By the time Ashley was in high school, he knew what he wanted to be: a writer. He had tried his hand at poetry, even written a novel in verse. In his senior year, Ashley heard of a competition for a scholarship to the University of Chicago. He knew nothing about the school and had never been anywhere larger than Wichita. But it was the nadir of the Great Depression, and there was no hope of his parents paying for any further education. He entered the competition and won. In the fall of 1933, he traveled to Chicago.
In the first month of classes, Ashley lost ten pounds—he was too excited to eat. He still recalls arriving: “I went from Union Station by taxi out to the University of Chicago by the Outer Drive. And, oh, I couldn’t believe it—this huge city!” He quickly befriended students with different religious backgrounds. One, a fellow Oklahoman, was Jewish; another was Catholic. A third was Unitarian, a minister’s son from New England. He made time to go to the symphony, the opera, and the 1933 Chicago World’s Fair.

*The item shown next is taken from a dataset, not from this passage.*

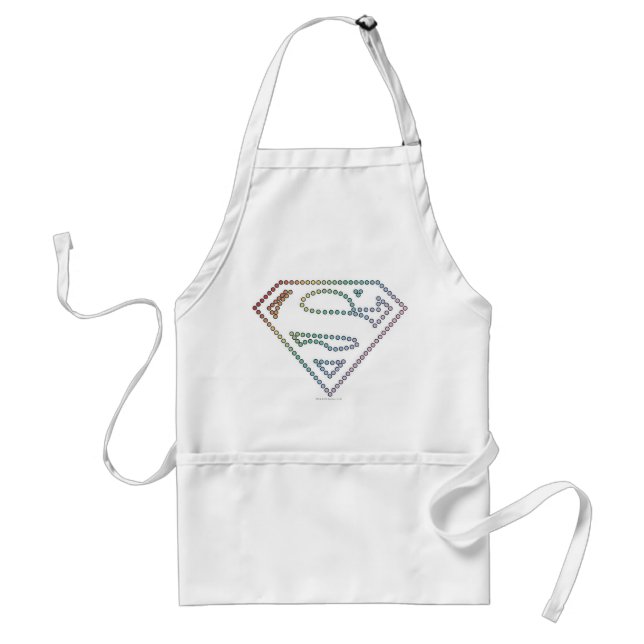 Tablier Logo de Supergirl Rainbow Outline (Devant)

During his first year Ashley also attended a meeting of the American Student Union, a leftist organization opposed to the possibility of a peacetime draft. He met a number of student Communists there and joined the Young Communist League. He remembers marching to Haymarket Square with red flags during a May Day rally in 1934. A socialist acquaintance, though, “wised me up that the Communist Party was not really Marxist but nationalistic, and that only the Trotskyites”—in the form of the Young People’s Socialist League and later the Socialist Workers’ Party—“were in favor of world revolution. So I joined the world revolution, and for a year or so I was a card-carrying member.” (On campus, Ashley notes, the “world revolution” consisted of about a hundred interested students.) By 1936, he would trade his fraternity house, Beta Theta Pi, for a socialist co-op.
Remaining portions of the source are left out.